FILA Ordering Heuristics that Target Pieces

There's nothing in the FILA-heuristic interface that precludes a heuristic from targeting a piece (rather than a cell) and returning an image list set that lists only images for a single target piece. Unfortunately, if a heuristic is targeting pieces, then it cannot be a fixed-order heuristic, which means you can't use POF to gradually reduce the size of the image list sets that target pieces as the puzzle is filled in. And NOF filtering alone would be almost completely useless for reducing the size of image list sets that target pieces. So I don't immediately see a way to, for example, extend the estimate heuristic to efficiently identify pieces that have few fits and/or identify a precalculated image list targeting such a piece that is well filtered to the current puzzle state.
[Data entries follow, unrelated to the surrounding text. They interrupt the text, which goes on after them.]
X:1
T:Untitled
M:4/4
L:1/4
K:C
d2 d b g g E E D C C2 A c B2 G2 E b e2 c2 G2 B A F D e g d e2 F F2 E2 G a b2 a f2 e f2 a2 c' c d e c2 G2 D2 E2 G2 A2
Still, there may be times that targeting pieces could be useful, even if it requires much work to identify the target (e.g., fit-counting across all images of a piece), and even if the returned image list set is not well filtered (e.g., just return all images of the piece with no filtering at all). Such an approach might still perform favorably compared to DLX within some limited range of puzzle sizes.
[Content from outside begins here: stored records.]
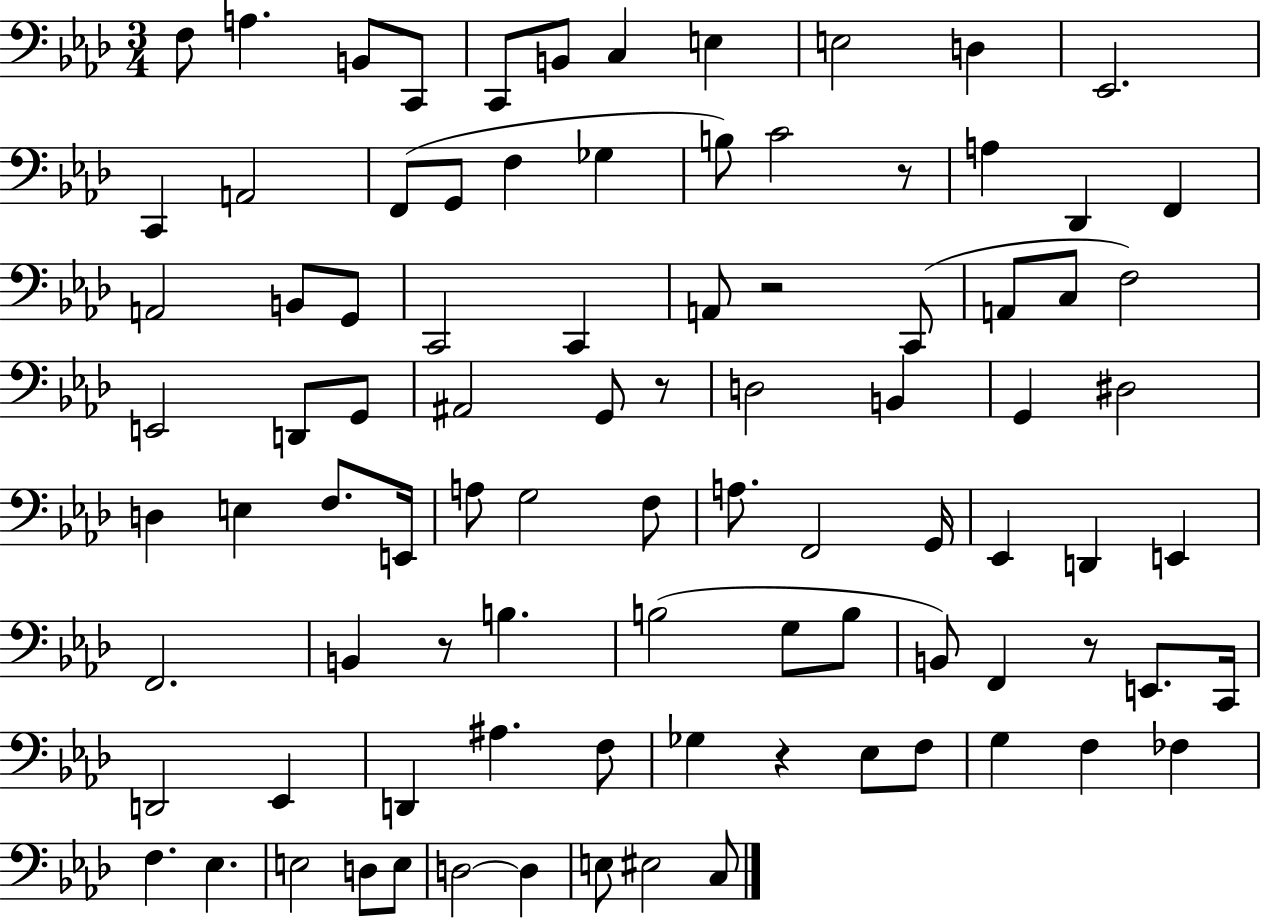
{
  \clef bass
  \numericTimeSignature
  \time 3/4
  \key aes \major
  \repeat volta 2 { f8 a4. b,8 c,8 | c,8 b,8 c4 e4 | e2 d4 | ees,2. | \break c,4 a,2 | f,8( g,8 f4 ges4 | b8) c'2 r8 | a4 des,4 f,4 | \break a,2 b,8 g,8 | c,2 c,4 | a,8 r2 c,8( | a,8 c8 f2) | \break e,2 d,8 g,8 | ais,2 g,8 r8 | d2 b,4 | g,4 dis2 | \break d4 e4 f8. e,16 | a8 g2 f8 | a8. f,2 g,16 | ees,4 d,4 e,4 | \break f,2. | b,4 r8 b4. | b2( g8 b8 | b,8) f,4 r8 e,8. c,16 | \break d,2 ees,4 | d,4 ais4. f8 | ges4 r4 ees8 f8 | g4 f4 fes4 | \break f4. ees4. | e2 d8 e8 | d2~~ d4 | e8 eis2 c8 | \break } \bar "|."
}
Also, for the special case where the puzzle solve is just getting started ($p = P$), every image in all image list sets are guaranteed to fit. So the S and E heuristics could easily be modified to notice that $p = P$ and instead of counting fits or neighbor holes, just look at the list sizes. Image list sets that target pieces could be included specifically for this situation, so that FILA could target, for example, a piece that's been highly constrained to eliminate rotationally redundant solutions. This would enable FILA to fully emulate de Bruijn and Fletcher for the 10x6 pentomino problem by identifying that the X piece should be placed first. It is not clear to me, however, that there would be any advantage to this approach over my current approach of always using DLX to place the first piece of a puzzle (other than the elimination of DLX itself — which is obviously no small simplification.) In fact, it is my expectation that such an approach would be inferior to the current approach of using the combination of algorithms: In the 10x6 pentomino problem, placing the X piece smack in the middle of the puzzle causes DLX to eliminate many images. Using this reduced image set as a feed for the initialization of the fixed image list sets used by the FILA F heuristic is highly advantageous and this is not a behavior that a pure FILA approach to the problem can readily replicate.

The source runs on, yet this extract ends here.